Comparison with Full-Parameter Model
This adapter is one half of an ongoing comparative study. The table below summarizes the key architectural and performance differences between both trained models.
| Property | Full-Parameter (Cloud) | LoRA Adapter (Local) |
|---|---|---|
| Hardware | NVIDIA T4 (Cloud) | Apple Silicon MacBook Air (MPS) |
| Trainable Params | 124,439,808 (100%) | 294,912 (0.24%) |
| Epoch Coverage | 1.0 (full corpus) | 0.51 (half corpus) |
| Total Steps | 9,272 | 4,700 |
| Training Time | 7h 43m 30s | 7h 51m 02s |
| Final Eval Loss | 1.3194 | 2.4017 |
| Step Throughput | ~3.0s/step (T4) | ~6.01s/step (MPS) |
| MLOps Event | Hardware preemption + hot-resume | 17× speedup via LoRA optimization |
Both models spent approximately the same wall-clock time training. The divergence in final loss is a direct reflection of full-parameter depth vs. adapter-based efficiency — not a difference in compute investment.
Intended Use
Intended uses:
- Screenplay drafting assistance and scene continuation on consumer hardware
- Comparative reference point for PEFT vs. full fine-tuning studies on GPT-2
- Offline, locally runnable script generation (no cloud dependency after download)

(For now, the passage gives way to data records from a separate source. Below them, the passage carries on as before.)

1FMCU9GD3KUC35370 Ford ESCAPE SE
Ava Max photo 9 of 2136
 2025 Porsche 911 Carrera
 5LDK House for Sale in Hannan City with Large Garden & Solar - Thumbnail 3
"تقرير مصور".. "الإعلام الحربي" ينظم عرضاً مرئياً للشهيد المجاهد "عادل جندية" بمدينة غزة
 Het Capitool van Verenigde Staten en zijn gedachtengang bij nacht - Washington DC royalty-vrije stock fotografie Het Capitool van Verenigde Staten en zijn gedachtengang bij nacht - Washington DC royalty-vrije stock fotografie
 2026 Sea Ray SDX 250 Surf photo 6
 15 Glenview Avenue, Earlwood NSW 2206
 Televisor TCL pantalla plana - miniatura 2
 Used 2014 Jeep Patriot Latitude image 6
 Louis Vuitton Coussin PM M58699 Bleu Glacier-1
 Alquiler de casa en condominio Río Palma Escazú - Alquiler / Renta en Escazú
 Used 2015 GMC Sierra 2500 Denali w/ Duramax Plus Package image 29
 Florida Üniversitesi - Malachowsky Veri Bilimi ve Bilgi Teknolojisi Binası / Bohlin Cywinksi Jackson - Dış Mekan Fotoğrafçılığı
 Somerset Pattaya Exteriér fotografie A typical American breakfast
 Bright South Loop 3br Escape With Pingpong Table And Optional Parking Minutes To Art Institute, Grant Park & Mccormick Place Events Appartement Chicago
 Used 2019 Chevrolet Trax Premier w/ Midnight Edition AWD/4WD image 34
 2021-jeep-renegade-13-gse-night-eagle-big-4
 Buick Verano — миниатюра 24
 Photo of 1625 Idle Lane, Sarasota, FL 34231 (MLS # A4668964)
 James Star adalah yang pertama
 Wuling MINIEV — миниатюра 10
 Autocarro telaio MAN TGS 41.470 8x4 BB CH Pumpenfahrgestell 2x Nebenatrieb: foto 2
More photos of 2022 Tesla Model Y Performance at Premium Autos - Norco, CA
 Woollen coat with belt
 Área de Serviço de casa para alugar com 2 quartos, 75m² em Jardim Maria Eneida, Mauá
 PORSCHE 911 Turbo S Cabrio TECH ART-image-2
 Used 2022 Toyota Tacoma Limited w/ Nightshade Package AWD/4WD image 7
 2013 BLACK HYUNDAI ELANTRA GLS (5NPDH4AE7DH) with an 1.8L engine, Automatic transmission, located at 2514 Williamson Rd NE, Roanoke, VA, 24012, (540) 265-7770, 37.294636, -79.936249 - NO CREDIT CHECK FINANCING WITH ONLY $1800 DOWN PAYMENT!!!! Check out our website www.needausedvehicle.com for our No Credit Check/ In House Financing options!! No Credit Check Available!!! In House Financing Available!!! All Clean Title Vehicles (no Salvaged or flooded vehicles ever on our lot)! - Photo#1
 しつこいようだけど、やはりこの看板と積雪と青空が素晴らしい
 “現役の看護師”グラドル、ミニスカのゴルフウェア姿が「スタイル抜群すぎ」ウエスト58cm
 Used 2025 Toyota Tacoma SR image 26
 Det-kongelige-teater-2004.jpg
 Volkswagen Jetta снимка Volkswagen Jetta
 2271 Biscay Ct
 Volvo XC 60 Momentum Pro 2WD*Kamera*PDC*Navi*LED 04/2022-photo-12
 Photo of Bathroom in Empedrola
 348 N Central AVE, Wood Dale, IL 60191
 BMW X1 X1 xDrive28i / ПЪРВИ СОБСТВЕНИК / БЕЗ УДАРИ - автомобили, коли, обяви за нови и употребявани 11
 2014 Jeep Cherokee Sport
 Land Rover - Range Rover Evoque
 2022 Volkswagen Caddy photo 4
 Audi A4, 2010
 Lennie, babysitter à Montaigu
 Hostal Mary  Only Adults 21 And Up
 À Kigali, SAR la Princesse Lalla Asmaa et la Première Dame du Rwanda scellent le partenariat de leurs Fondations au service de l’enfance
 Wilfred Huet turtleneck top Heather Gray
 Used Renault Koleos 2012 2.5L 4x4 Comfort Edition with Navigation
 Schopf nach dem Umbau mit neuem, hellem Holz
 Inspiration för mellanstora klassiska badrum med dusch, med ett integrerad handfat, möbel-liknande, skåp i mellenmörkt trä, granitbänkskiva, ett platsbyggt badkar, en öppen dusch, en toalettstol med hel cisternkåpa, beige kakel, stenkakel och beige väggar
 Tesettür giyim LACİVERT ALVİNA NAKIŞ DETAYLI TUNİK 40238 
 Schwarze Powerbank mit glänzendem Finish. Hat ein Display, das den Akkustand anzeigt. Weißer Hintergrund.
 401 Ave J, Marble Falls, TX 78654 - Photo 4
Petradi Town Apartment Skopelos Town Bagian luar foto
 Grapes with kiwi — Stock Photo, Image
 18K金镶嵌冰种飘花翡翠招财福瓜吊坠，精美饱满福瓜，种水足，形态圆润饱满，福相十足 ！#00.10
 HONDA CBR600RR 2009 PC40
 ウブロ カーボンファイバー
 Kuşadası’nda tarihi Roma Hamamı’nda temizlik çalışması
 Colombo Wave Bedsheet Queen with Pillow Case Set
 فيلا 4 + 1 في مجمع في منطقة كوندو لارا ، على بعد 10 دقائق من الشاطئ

- Research into LoRA effectiveness on structured, domain-specific creative text
Out-of-scope uses:
- Production script generation without editorial review
- Factual or knowledge-retrieval tasks
- Any application requiring output truthfulness or citation
Bias, Risks, and Limitations
- Trained on an unfiltered screenplay corpus; outputs may reflect mature themes, stereotypes, or biases present in the training data.
- At 0.51 epoch coverage, the model's understanding of the full screenplay vocabulary distribution is incomplete. Long-form coherence is limited.
- The train/eval loss gap suggests moderate overfitting on seen structural patterns. Outputs are more formulaic than the full-parameter counterpart.
- No RLHF or safety fine-tuning has been applied.
Citation
@article{radford2019language,
title = {Language Models are Unsupervised Multitask Learners},
author = {Radford, Alec and Wu, Jeff and Child, Rewon and Luan, David and Amodei, Dario and Sutskever, Ilya},
year = {2019}
}
@article{hu2021lora,
title = {LoRA: Low-Rank Adaptation of Large Language Models},
author = {Hu, Edward J. and Shen, Yelong and Wallis, Phillip and Allen-Zhu, Zeyuan and Li, Yuanzhi and Wang, Shean and Wang, Lu and Chen, Weizhu},
year = {2021},
journal = {arXiv preprint arXiv:2106.09685}
}
Model Card Contact
For questions about methodology, training configuration, or the broader comparative study, please open an issue in this repository.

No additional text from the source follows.